Best of Peter Rhodes - May 27
The best of this week's Peter Rhodes column from the Express & Star.
The best of this week's Peter Rhodes column from the Express & Star.
UNPROVABLE statistic. One in three Americans is as heavy as the other two.
A READER, with delicious economy of style, makes this very sound point: "If, as predicted, the world had ended on Saturday night, then Birmingham City would not have been relegated becaus Sunday's games would never have been played. As it turned out they did play and were relegated from the Premiership. Still, it's not the end of the world, is it?"
A SATELLITE survey of Egypt has revealed 17 "lost pyramids". You know how it is. You put them down, turn your back and they're gone.
I ASKED whether coffee made with milk was a 1950s thing. A reader responds: "For me it was always with Camp coffee. Even now, if I need a quick coffee, I do a milky Camp one and I'm transported back to my granny's kitchen. For me it's the ultimate comfort food!" My ultimate 1950s comfort food was the rubber tyres off Dinky toys. Not as sweet as liquorice allsorts but much longer lasting.
THIS has been a momentous week. It marked the end of the Oprah Winfrey show which has reached up to 62 million people, interviewed five US presidents and produced more yo-yo diets, victims, sugary schmaltz and tearful moments than you can shake a stick at. It ran to 4,560 episodes and I take pride in not having watched a single one.
I HAVE recently discovered that if a column contains a certain key word or phrase it attracts massive attention on the internet. The clever part is slipping it into the column without Pippa Middleton's bottom anyone noticing.
THEY are like buses, aren't they? You wait all your life for a volcanic ash cloud and then two come along.
GRITTED teeth department. I told you back in April how the online gravel people delivered three tons of gravel to the wrong place. I related how they quickly offered a refund and took the gravel away 48 hours later. I reported my immense joy at being told the refund had been paid to my credit card. At that point, I wonder how many of you untrusting, cynical souls muttered: "Refund, eh? Fat chance." Sure enough, the card statement has arrived and there is no refund. After a few more days chasing them, I got an email saying they would refund only £149.65 of the £290.65 I had paid them. This is not going well. It is, however, a valuable lesson about internet shopping. Do an internet search on the company name and "complaints" and see what comes up. Sure enough, this company has a number of complaints, plus a judgment against it by the Advertising Standards Authority. Moral: before parting with a penny, Google.

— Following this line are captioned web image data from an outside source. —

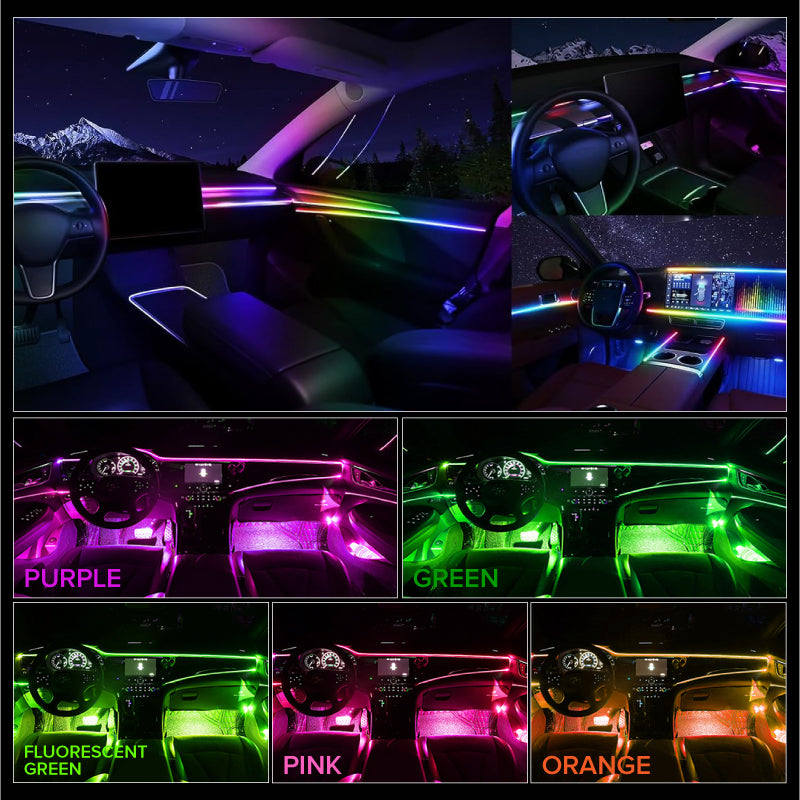 USB Connected Luxury Car Strip Lights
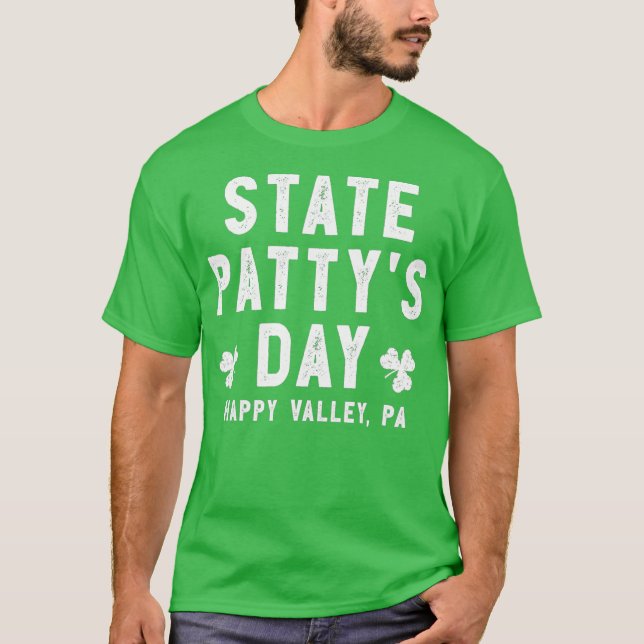 T-shirt State Pattys Day  Happy Valley Beer Drinking (Devant)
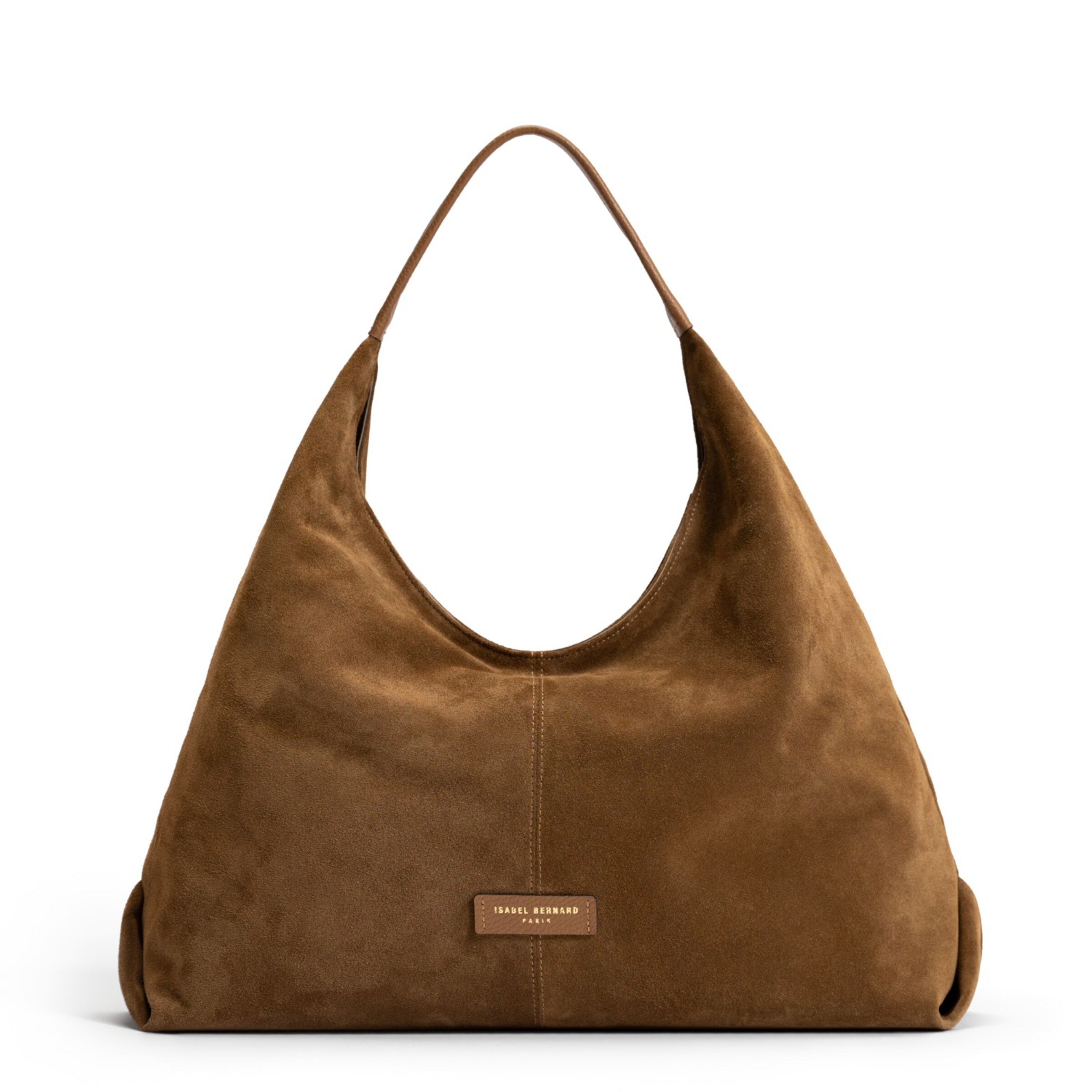 Isabel Bernard Shoulder Bag in Brown: front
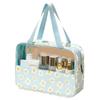 Bolsa de cosméticos transparente impresa impermeable costuras bolsa de lavado gran capacidad bolsa de almacenamiento de viaje bolsa de almacenamiento portátil
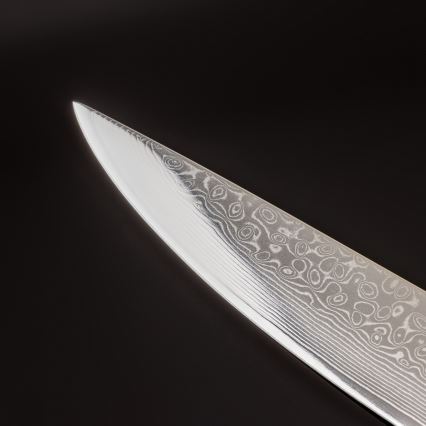 Gudaro - Damaškový porcovací nůž KENSHO 8, 67 vrstev oceli, délka 20 cm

WHAT a difference a week makes:
* "Lawyers for Dominique Strauss-Kahn have proof the IMF chief was at a restaurant having lunch with his daughter at the time he was alleged to be sexually assaulting a hotel maid." (Reuters report, May 16)
* "Mr Strauss-Kahn's defence team is expected to argue that a sexual encounter occurred, but that it was consensual." (BBC report, May 24).
I HAD a pushy public-relations officer on the phone, Peter, the other day, Peter, and you know, Peter, it seemed every other word he used, Peter, was my first name, Peter. He had clearly been told (probably by one of the hordes of failed journalists offering PR advice at silly prices) that it is A Good Thing to repeat the other person's name as much as possible. It is not a good thing. It is very irritating. It also makes one quite determined not to buy whatever the PR person is selling.
JAYNE McKnight, a Wolverhampton mother fixated on boy bands, claimed tax credits by telling HM Revenue and Customs that her children and husband were receiving disability allowance from the Department of Works and Pensions.
In a sane world, the Revenue computer would have spent a nano-second talking to the DWP computer and flashed up in big red letters: "She's lying."
But because these two great departments of state did not talk to each other, the scam went on. McKnight was able to fiddle £112,000 before being caught. She was jailed for two years this week at Wolverhampton Crown Court.
Now, to you and me, it may seem absurd to have a state computer system which actually makes crime easy.
But look at it from the point of view of the state. The non-talking computers in this case have created gainful employment for tax officials, pension officials, housing officials, magistrates, Legal Aid solicitors, barristers, judges, security officers, police officers and finally HM Prison Service.
In that great film 2001: A Space Odyssey , the super-computer Hal is programmed to believe the mission is too important to allow humans to jeopardise it.
Maybe our government computers are similarly programmed to preserve the apparatus of the state at all costs.
Common sense detected. Common sense eliminated. Job done.
A SOBERING moment. A reader tells how he returned to the cinema of his youth, a massive place where hundreds of kids crammed in for the Saturday special. He found it long demolished, and the vacant plot "no bigger than a house." Golden rule of life: As the years pass, things shrink.